I also ask the agent to keep track of what we're working on in a another md file which it save/loads between clears.

raducu · 2025-09-26T15:44:43 1758901483

In 2025, does it make any difference to tel the LLM "you're an expert/experienced engineer?"

remich · 2025-09-26T21:16:48 1758921408

The question isn't whether it makes a difference, the question is whether the model you're working with / the platform you're working with it on already does that. All of the major commercial models have their own system prompts that are quite detailed, and then the interfaces for using the models typically also have their own system prompts (Cursor, Claude Code, Codex, Warp, etc).

It's highly likely that if you're working with one of the commercial models that has been tuned for code tasks, in one of the commercial platforms that is marketed to SWEs, that instructions similar to the effect of "you're an expert/experienced engineer" will already be part of the context window.

antihero · 2025-09-26T22:08:33 1758924513

I think it makes more of writing prompts and leading in a way only an experienced engineer could.

adastra22 · 2025-09-26T16:09:45 1758902985

Yes.

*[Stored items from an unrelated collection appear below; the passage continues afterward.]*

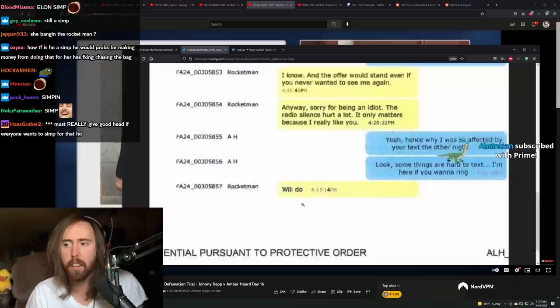Look, some things are hard to text. I'm saying I'm here if you want to ring. Will do. And then there's the phone call.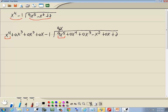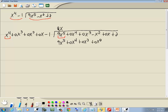Whatever we put up on top, we multiply by what's out in front. 9x times x to the 4th gives us 9x to the 5th. 9x times 0x to the 3rd — 9 times 0 is 0, so 0x to the 4th. 9x times 0x squared gives us 0x to the 3rd. 9x times 0x gives us 0x squared. 9x times negative 1 is negative 9x.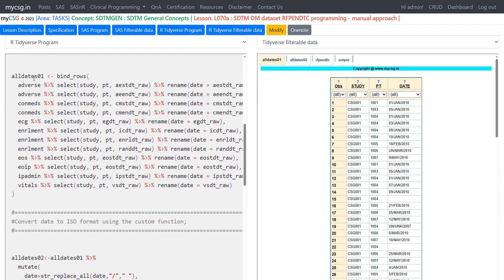In the next step we pool all date values into a single dataset called allDates01 using bind_rows. In SAS we used a SET statement listing all datasets to append, with RENAME and KEEP options. We replicate that here in R by using bind_rows and passing in each dataset with the required selections and renames as nested arguments.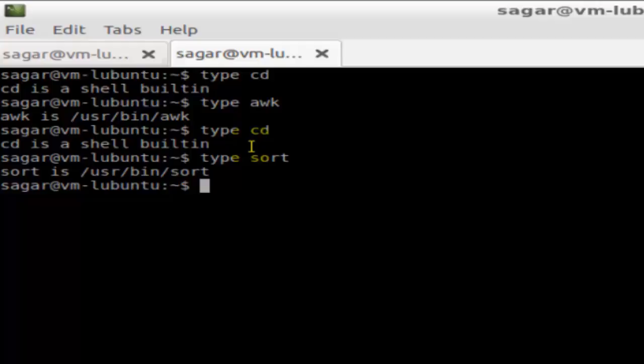So that's the main difference between internal and external commands in Linux. And you can find out if the command is internal or external using type command as I showed you. If you like this video, hit the like button.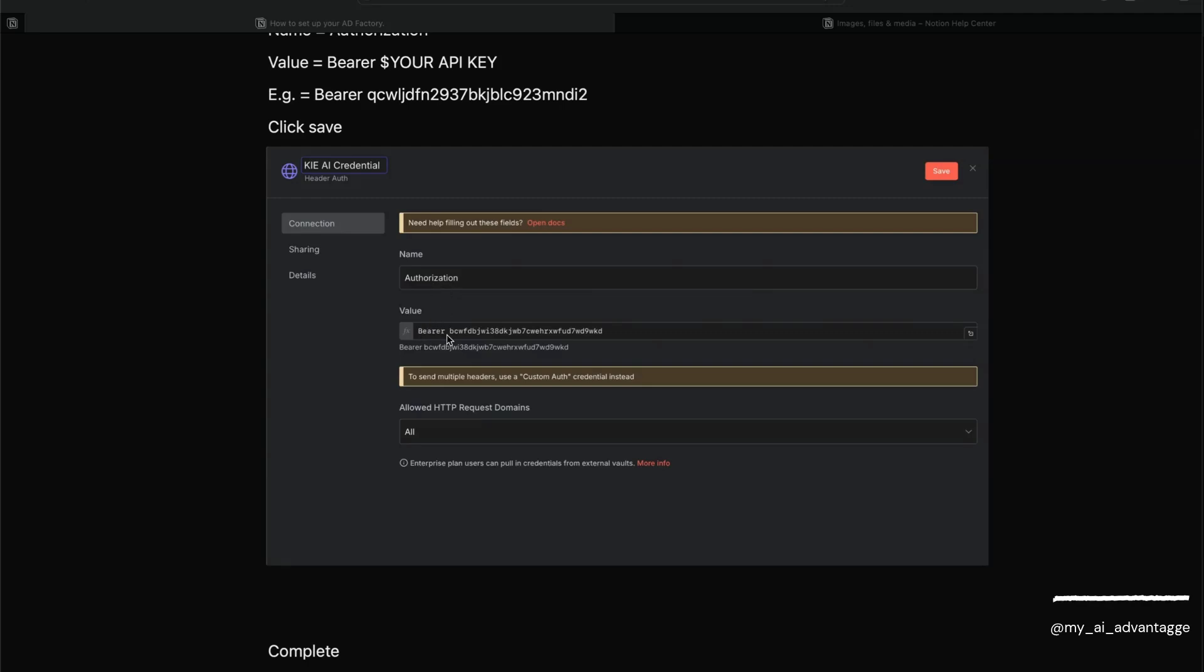Great! There we are. That should have you set up with your Kie.ai credential.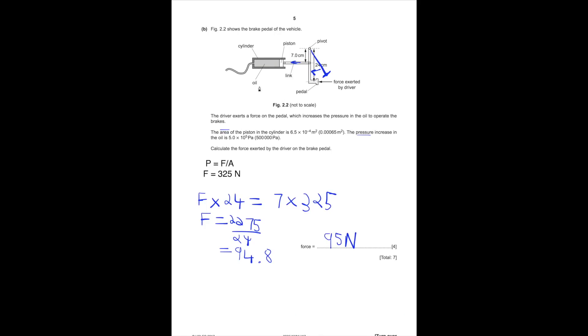With this question, they tell you the pressure increases by a certain amount. Using the pressure formula, you just plug it in and get the force: 325 Newtons. That 325 Newtons pushes on this area — the piston goes in like that, so the force acts in that direction. The force is connected to the pedal by a link. The word 'exerted' means past tense — the force was already done, so the driver pushed the pedal and it moved a certain distance.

The fundamental reason why that works hasn’t changed.

hirako2000 · 2025-09-26T16:16:18 1758903378

How has it ever worked. I have thousands of threads with various LLMs, none have that role play cue, yet the responses always sound authoritative and similar to what one would find in literature written by experts in the field.

What does work is to provide clues for the agent to impersonate a clueless idiot on a subject, or a bad writer. It will at least sound like it in the responses.

Those models have been heavily trained with RLHF, if anything today's LLMs are even more likely to throw authoritative predictions, if not in accuracy, at least in tone.

Fuzzwah · 2025-09-27T00:41:55 1758933715

Every LLM has role play cues in their system prompts:

https://github.com/0xeb/TheBigPromptLibrary/tree/main/System...

pwython · 2025-09-26T21:59:34 1758923974

I also don't tell CC to think like expert engineer, but I do tell it to think like a marketer when it's helping me build out things like landing pages that should be optimized for conversions, not beauty. It'll throw in some good ideas I may miss. Also when I'm hesitant to give something complex to CC, I tell that silly SOB to ultrathink.

adastra22 · 2025-09-27T02:48:59 1758941339

Every LLM you have ever used has this role play baked into its system prompt.

hirako2000 · 2025-09-29T11:10:05 1759144205

And they seem to always pick the adequate role in my cases, similar roles to what was mentioned in the thread.

nadis · 2025-09-29T14:24:14 1759155854

I'm still not sure if specifying a role made a difference or not in terms of performance. Different but similar instance, when I tried to create an agent in Claude to play a specific role (frontend / design engineer expert), I found that this seemed to perform worse vs. just using default Claude, but this is all very anecdotal.

adastra22 · 2025-09-30T01:07:59 1759194479

Maybe it is cargo culting at this point, idk. When I first started experimenting with this, about two generations of models back, the role play prompt made a noticeable difference.

Example: with early Claude (pre-Claude Code) if you asked for a Rust program you’d get something that only resembled Rust syntax but was a mix of different languages. “You are a senior software engineer that develops solely with the Rust programming language” or something like this made it generate syntactically correct Rust.

Similar prompts led to better, more focused tests. I find that such prompts are not as necessary anymore, but anecdotally I’ve still felt a difference.

hirako2000 · 2025-09-26T16:12:37 1758903157

It never made a difference.

1oooqooq · 2025-09-27T10:57:55 1758970675

and it will completely ignoring the instructions because user input cannot afect it, but it will waste even more context space to fool you that it did.

shafyy · 2025-09-26T14:09:31 1758895771

Dude, why not just do it yourself if you have to micromanage the LLM this hardcore?